Friday, January 27, 2012

Lecture 3: Getting Deeper into Analytics!!



In the previous lecture, we had an introduction to Google Analytics (GA).  We also had a warm-up exercise on GA over the weekend. It was the first time for all of us and I was very curious about it.  Because, we all know GA is used for monitoring and analyzing the website traffic but I haven’t seen it before! I haven’t seen what it does, what it displays on the screen.  I was running into wild imaginations – was wondering if it would be something like that screen you get to see in the Space Research Centers,  which is shown on news channels when a rocket is launched.  It would have all possible lines and curves – technically called a graph. But, when I first logged into the Analytics account, I got a feeling that it was no rocket science. The first (main) page on GA is simple and clear and most of all, it makes sense! Thanks to Google J. It had all the metrics which we discussed in class, listed on one side and it had a graph at the top which tells you how many pageviews the website has had over a certain period.

Our Professor told us that GA has two aspects to it. One is the Mechanical aspect and the other is the Analytical aspect. Mechanical aspect of the GA involves setting the timeline for your analysis, choosing the metric you want, etc. Analytical aspect is when you interpret and derive meaning outta the results(graphs or tables) displayed on the screen. Both the aspects are very important and can greatly influence your analysis results/decisions.

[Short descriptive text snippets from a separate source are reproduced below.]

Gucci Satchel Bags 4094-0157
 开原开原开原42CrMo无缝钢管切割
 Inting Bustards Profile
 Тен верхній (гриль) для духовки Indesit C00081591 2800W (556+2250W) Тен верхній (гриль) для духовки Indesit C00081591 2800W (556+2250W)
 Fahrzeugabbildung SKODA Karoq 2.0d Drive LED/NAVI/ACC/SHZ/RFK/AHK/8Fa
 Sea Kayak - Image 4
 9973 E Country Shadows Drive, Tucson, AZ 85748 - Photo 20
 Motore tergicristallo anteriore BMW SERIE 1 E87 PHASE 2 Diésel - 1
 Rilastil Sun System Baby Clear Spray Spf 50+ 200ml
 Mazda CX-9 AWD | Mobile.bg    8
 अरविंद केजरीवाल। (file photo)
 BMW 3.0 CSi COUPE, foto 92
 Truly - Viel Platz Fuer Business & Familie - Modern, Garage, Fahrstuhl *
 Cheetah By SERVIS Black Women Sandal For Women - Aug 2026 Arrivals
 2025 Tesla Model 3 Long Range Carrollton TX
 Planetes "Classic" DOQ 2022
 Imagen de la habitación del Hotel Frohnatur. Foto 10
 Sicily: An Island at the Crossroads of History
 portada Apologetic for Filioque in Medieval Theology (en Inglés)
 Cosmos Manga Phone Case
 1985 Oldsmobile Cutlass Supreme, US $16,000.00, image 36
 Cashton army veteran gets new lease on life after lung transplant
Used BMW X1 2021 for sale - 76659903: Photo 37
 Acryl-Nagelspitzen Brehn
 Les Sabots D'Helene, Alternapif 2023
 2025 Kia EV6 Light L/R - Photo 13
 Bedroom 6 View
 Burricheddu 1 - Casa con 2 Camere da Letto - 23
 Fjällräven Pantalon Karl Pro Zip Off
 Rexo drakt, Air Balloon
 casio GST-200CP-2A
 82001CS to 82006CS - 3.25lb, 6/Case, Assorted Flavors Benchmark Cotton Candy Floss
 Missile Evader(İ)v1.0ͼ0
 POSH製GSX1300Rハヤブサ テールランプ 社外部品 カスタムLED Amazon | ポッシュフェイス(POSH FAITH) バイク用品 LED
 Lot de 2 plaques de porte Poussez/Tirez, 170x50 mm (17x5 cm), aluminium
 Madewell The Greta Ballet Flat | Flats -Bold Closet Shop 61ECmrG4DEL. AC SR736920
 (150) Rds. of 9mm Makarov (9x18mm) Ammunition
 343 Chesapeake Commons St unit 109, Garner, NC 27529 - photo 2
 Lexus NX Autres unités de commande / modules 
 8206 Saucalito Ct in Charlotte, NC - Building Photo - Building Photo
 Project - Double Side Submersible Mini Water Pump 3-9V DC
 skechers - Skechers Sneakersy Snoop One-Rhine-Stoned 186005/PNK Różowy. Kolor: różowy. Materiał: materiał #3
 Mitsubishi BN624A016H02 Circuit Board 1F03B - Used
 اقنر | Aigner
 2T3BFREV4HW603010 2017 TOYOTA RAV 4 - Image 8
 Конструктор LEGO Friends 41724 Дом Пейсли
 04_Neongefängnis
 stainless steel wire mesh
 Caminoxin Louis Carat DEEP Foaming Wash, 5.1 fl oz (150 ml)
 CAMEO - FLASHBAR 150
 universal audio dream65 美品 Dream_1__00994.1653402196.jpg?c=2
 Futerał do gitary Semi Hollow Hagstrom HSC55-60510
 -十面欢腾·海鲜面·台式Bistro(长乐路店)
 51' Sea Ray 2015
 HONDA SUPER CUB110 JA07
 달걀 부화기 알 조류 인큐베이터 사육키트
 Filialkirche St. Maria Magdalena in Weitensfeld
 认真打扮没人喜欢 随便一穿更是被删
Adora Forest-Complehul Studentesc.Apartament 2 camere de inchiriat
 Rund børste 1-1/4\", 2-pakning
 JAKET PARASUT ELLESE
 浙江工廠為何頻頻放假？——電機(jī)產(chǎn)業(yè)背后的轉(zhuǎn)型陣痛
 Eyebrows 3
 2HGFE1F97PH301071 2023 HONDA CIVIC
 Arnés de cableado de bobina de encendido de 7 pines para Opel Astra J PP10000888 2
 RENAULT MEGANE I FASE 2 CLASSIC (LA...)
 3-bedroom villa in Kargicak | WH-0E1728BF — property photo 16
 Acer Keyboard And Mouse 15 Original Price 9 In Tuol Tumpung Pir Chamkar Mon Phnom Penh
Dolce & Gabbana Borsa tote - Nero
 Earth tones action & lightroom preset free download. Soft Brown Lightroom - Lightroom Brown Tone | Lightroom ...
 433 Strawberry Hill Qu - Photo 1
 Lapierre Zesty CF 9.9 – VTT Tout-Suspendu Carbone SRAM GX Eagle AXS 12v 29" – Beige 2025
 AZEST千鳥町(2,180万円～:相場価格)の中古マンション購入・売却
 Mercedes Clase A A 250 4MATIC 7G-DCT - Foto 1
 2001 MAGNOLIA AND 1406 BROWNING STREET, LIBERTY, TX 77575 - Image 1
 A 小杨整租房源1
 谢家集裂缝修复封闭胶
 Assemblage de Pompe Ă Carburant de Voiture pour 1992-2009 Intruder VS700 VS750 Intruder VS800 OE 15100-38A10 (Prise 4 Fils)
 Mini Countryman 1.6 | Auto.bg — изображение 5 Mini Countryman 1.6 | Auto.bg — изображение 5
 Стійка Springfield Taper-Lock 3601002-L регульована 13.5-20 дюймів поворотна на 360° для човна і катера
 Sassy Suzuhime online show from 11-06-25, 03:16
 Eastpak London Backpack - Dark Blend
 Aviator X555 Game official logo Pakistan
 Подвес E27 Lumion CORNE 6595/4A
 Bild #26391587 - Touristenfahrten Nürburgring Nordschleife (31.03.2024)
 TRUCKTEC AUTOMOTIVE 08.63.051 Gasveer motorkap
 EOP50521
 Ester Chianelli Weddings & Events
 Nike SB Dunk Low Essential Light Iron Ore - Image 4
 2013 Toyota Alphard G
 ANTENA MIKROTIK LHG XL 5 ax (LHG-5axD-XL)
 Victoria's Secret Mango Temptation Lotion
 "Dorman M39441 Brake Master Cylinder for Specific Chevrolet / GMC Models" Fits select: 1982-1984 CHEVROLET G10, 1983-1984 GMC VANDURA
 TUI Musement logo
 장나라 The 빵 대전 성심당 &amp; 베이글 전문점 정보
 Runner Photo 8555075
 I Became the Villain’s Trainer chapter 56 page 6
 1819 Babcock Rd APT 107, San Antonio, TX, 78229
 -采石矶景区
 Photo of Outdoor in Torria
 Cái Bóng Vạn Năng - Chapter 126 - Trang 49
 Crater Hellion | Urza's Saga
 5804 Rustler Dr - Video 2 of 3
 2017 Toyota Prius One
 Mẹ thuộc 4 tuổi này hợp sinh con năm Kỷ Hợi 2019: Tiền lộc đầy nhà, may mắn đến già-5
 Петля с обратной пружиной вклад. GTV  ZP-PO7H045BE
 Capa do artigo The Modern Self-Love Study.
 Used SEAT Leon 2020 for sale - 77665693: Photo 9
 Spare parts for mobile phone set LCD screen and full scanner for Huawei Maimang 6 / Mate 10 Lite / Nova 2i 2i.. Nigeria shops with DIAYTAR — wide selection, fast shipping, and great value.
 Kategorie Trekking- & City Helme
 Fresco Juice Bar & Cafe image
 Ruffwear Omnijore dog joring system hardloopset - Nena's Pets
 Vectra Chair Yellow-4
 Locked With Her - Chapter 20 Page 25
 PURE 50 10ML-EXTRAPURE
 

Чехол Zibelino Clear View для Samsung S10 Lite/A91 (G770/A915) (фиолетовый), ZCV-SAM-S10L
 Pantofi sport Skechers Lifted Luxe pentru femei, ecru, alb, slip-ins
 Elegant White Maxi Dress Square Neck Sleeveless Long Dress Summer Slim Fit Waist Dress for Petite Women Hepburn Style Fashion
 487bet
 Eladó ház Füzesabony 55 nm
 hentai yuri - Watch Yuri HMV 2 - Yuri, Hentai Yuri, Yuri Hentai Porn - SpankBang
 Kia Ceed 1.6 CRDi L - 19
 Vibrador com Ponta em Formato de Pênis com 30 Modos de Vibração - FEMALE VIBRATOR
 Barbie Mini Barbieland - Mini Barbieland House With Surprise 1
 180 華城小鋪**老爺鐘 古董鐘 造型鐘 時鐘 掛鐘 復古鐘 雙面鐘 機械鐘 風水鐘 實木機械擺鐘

The most important metric of all is the Bounce Rate, which is used to measure the visit Quality. According to Google, Bounce Rate is defined as the percentage of single-page visits or visits in which the person left your site from the entrance (landing) page. At first, it was pretty confusing as it is very similar to another metric called Exit Rate. Exit Rate is defined as the percentage of site exits that occurred from a page or set of pages – Google. We had an interesting debate over this and all are doubts were cleared by our Professor.

This is where the lecture came to an end and we all left the class, thinking about our first homework – to analyze the traffic on our own MIS-Eller website and come up with recommendations to the least performing sections of the site.



Sunday, January 22, 2012

Business Intelligence – 2nd Lecture



The second lecture started off with the definition again and so is my second blog on BI.  You can define BI in a lotta different ways. BI is such a big field. Putting it all together, BI can simply be defined as any tool, technology or technique used for collection, measurement, understanding, analysis and prediction using (past) data for Performance Management. Our Professor stressed on ‘Performance Management’, as it is the whole point of using BI for your business. BI is used to help improve business, keep track of your performance, establish goals and targets for the future and find out ways to achieve it. This is exactly where KPIs come into play.

Now, what is KPI?

KPI stands for Key Performance Indicator.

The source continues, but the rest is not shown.